■ PROMPT: The task calls for the lines below from the line with "A hotel room" to the line with "Kitchen with decorative", both ends included, copied exactly, without any pictures.
##### GIVEN RECORDS #####
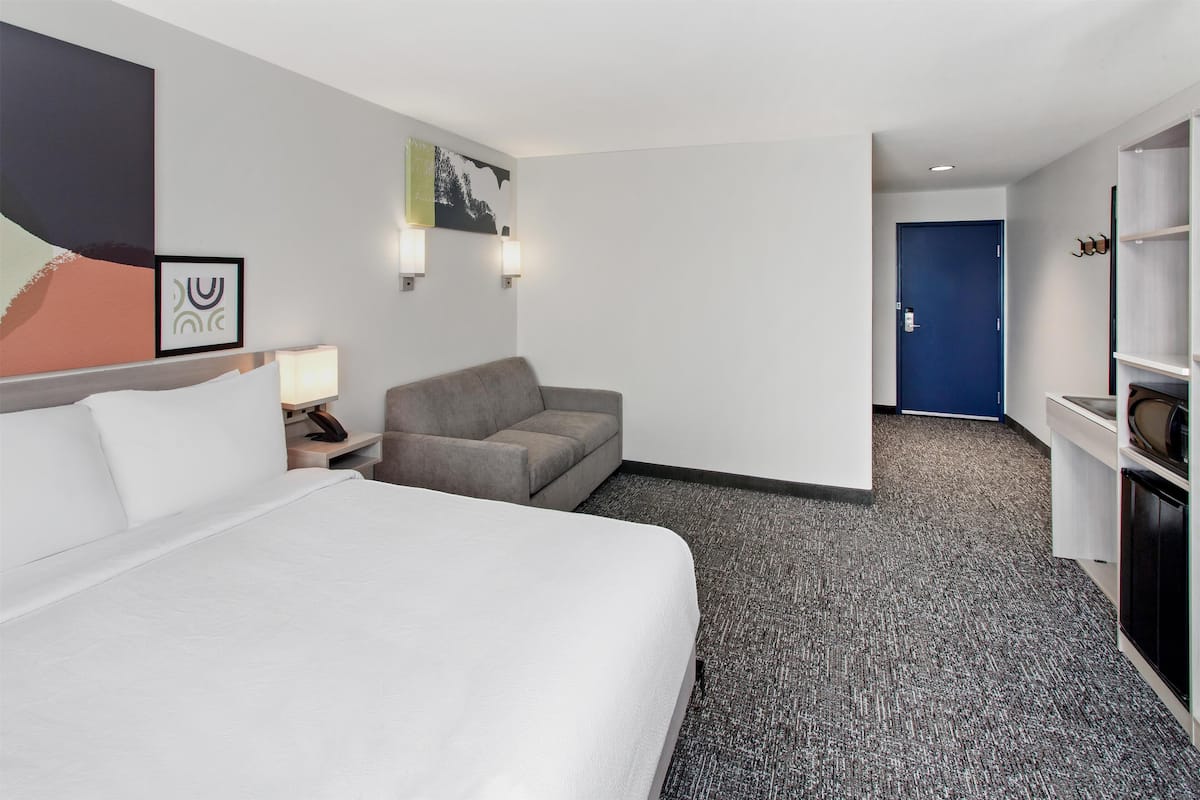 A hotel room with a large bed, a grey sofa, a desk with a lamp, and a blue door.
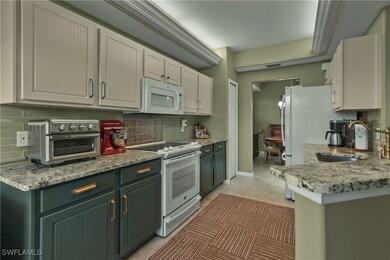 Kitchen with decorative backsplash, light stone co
#####
##### GIVEN RECORDS #####
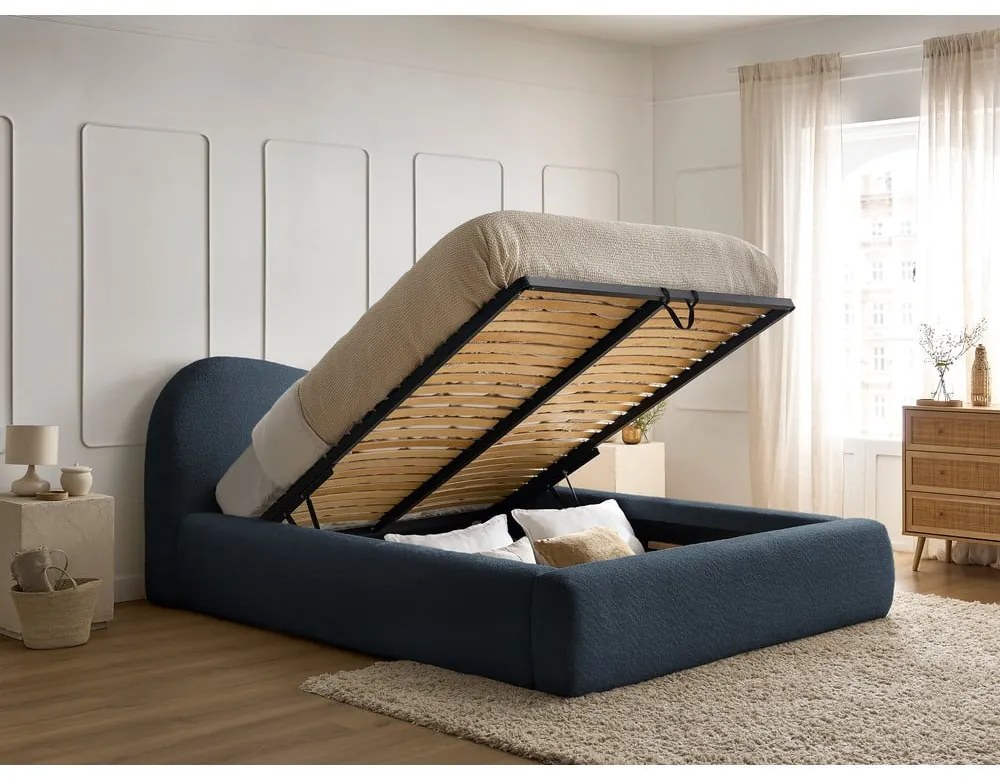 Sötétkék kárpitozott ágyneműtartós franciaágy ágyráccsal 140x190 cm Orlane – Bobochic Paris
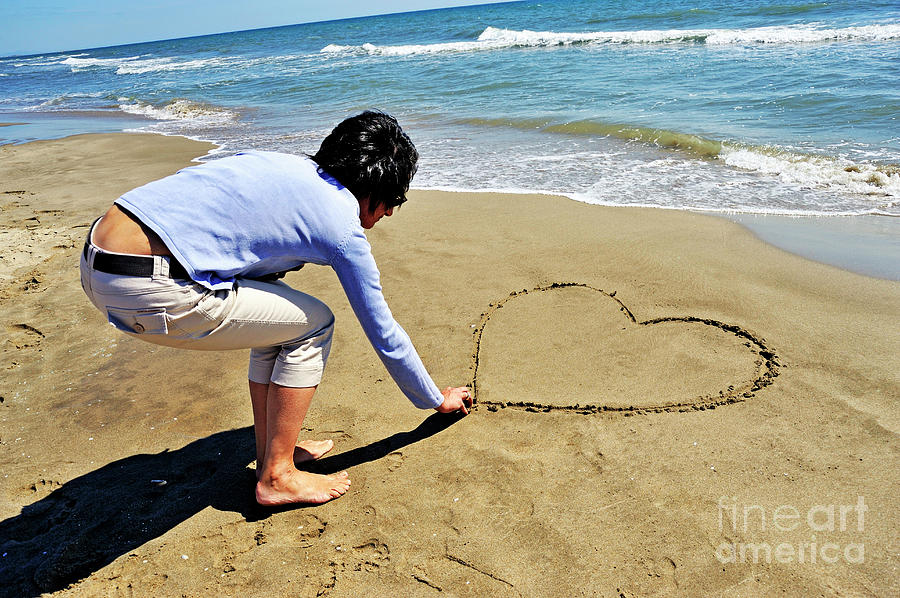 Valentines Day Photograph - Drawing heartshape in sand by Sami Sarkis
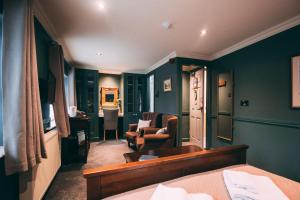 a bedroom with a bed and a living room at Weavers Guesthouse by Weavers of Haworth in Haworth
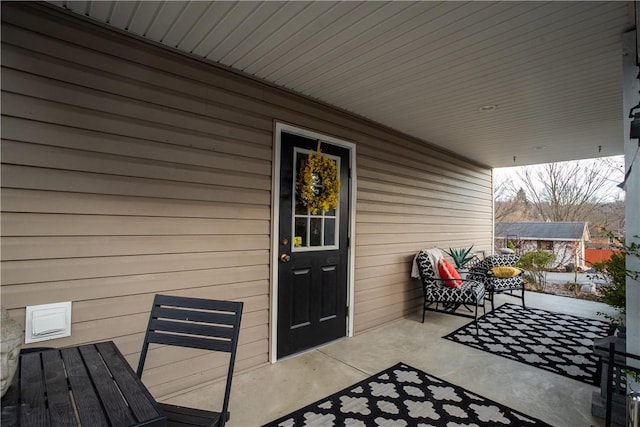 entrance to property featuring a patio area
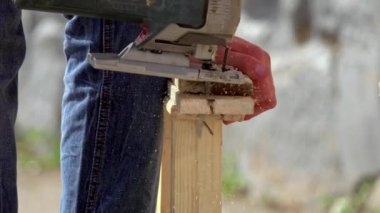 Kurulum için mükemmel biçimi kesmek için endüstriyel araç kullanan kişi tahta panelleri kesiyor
#####
■ RESPONSE:
 A hotel room with a large bed, a grey sofa, a desk with a lamp, and a blue door.
 Kitchen with decorative backsplash, light stone co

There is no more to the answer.